The dialogue is on the wan side, nothing more memorable than Victor’s crack when Jimmy first flashes his enhanced adamantium claws — “Ooh, shiny” — a line already neutered through endless repetition in the film’s ubiquitous trailer.
And, as is usually the case in such flicks, plot contrivances abound. One involves the mutant Gambit (Taylor Kitsch), who is supposedly the only person ever to escape Stryker’s island prison — and, as such, the only one who can lead Jimmy to the island.
Jimmy finds Gambit with ridiculous ease, raising the question of why Stryker himself hasn’t tried to recapture or kill the boy. But how to get to the island? Why, Gambit owns a single-engine plane. Of course he does!
The “island” is Pennsylvania’s infamous Three Mile Island nuclear plant. Of course it is! Where better to hide a top-secret experimental mutant lab?
Still, there’s plenty to savor. Colorful (sometimes literally) characters abound. An uncredited special guest star appears in the final scene.
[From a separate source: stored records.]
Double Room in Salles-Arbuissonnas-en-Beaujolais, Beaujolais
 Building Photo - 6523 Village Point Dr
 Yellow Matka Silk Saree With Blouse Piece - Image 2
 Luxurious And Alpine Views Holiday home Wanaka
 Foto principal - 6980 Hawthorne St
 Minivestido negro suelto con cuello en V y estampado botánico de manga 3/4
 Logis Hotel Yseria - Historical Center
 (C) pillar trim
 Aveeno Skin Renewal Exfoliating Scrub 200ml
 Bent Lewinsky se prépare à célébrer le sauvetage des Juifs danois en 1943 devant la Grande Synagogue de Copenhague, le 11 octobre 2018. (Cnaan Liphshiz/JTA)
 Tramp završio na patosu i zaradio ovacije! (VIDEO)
And Jackman brings quite a bit of depth to his role as the conflicted Wolverine (who has always been my pick for the most substantive and interesting of the crowded field of X-Men).
Most important, the action is first-rate, including several Wolverine-Sabretooth throw-downs, an eye-popping fight atop a Three Mile Island cooling tower and a standout sequence pitting a helicopter gunship and two armed Humvees against Wolverine on a vintage motorcyle.
Guess who wins.
In the end, it’s silly to be too harsh on these kinds of flicks. We don’t go to them expecting things like consistent plot logic and killer dialogue. We go for the chance to dive head-first into a big, loud, flashy, vibrant, 30-foot-high, 50-foot-wide, live-action comic book.
That simple fact makes “X-Men Origins: Wolverine” a fine, fitting start to the mindless summer movie season.